La haine en 280 signes via Twitter est d’une facilité déconcertante, et l’étude de Marc Knobel a pour vertu d’en collecter de terribles et nombreux exemples précis, documentés. Et l’actualité récente, en France, dans le reste de l’Europe, ou encore au Etats-Unis, nous a donné de déplorables exemples de l’instrumentalisation politique que les forces national-populistes, notamment sur le terrain fertile du racialisme, arrivent à développer. Le cas de l’écrivain Yann Moix, dont L’Express a révélé les dessins de jeunesse, clairement et odieusement antisémites et négationnistes, a aussi été l’occasion, pour une multitude d’acteurs des trois mouvances évoquées (extrême droite, extrême gauche, islamisme radical) de « relativiser tout cela » ou, pire, de rire avec délectation de ce qui contreviendrait au »système » et au « politiquement correct », toujours invoqués comme caution aux insanités racistes.
Les réseaux sociaux particulièrement toxiques ont parfois des signatures étrangères bien protégées. Comme le réseau russe VK, que cite le chercheur Marc Knobel dans son étude. Il décrit notamment: « c’est une caricature. Un enfant porte une kipa. Sur sa tempe, un pistolet est braqué. Il est écrit ‘les Juifs dehors’ « . « Des militants de l’ultra-droite française ou francophone utilisent VK pour ouvrir des comptes qu’ils alimentent de contenus antisémites, racistes ou homophobes. Ils sont fanatisés, endoctrinés. Certains réseaux sociaux, dont VK, font penser à des fosses à purin », écrit Knobel.
Tout ce qui circule sur l’espace digital ne serez que théorique, virtuel, dont dans les faits inoffensifs ? Malheureusement non. On sait que le numérique accompagne, précède parfois, le passage à l’acte, meurtrier et terroriste même. En juin 2018, les services antiterroristes français interpellent par exemple dix personnes liées à l’ultra-droite, dont certaines avaient un projet de passage à l’acte violent, ciblant notamment des personnes de confessions musulmanes. En novembre 2017, un mystérieux « Commando de défense du peuple et de la patrie française » déclarait son admiration pour… le néo-nazi Anders Behring Breivik qui a été l’auteur, en Norvège, de la tuerie qui a coûté la vie en 2011 à 77 personnes !

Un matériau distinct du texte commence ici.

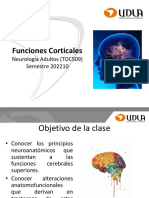 Funciones Corticales Neurologia Adultos 202210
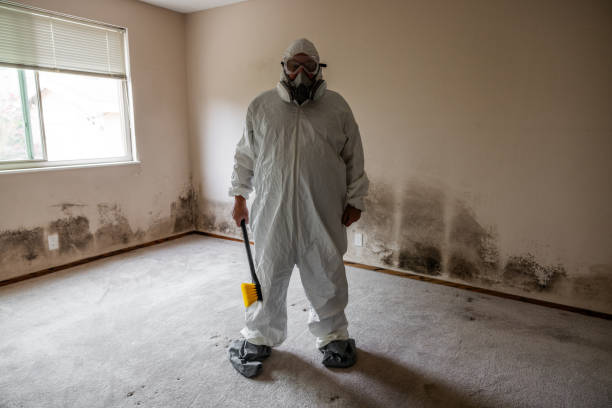 Best Emergency Mold Removal  in Hampton, GA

En France et en Europe, les armes circulent heureusement moins librement qu’aux Etats-Unis, mais la diffusion des thèses haineuses, on le sait trop, peuvent tuer. D’où l’extrême vigilance qui s’impose naturellement non seulement aux services de renseignements mais qui devraient s’imposer rigoureusement aux forces démocratiques et républicaines d’une part, aux acteurs médiatiques et numériques d’autre part, pour que la diffusion des haines et l’exploitation des bas instincts soient, sinon exclus complètement (cela paraît impossible) mais réduits au maximum et, au sens propre, « dé-construits ». Chantier très actuel, dont l’étude de Marc Knobel vient rappeler la grande importance.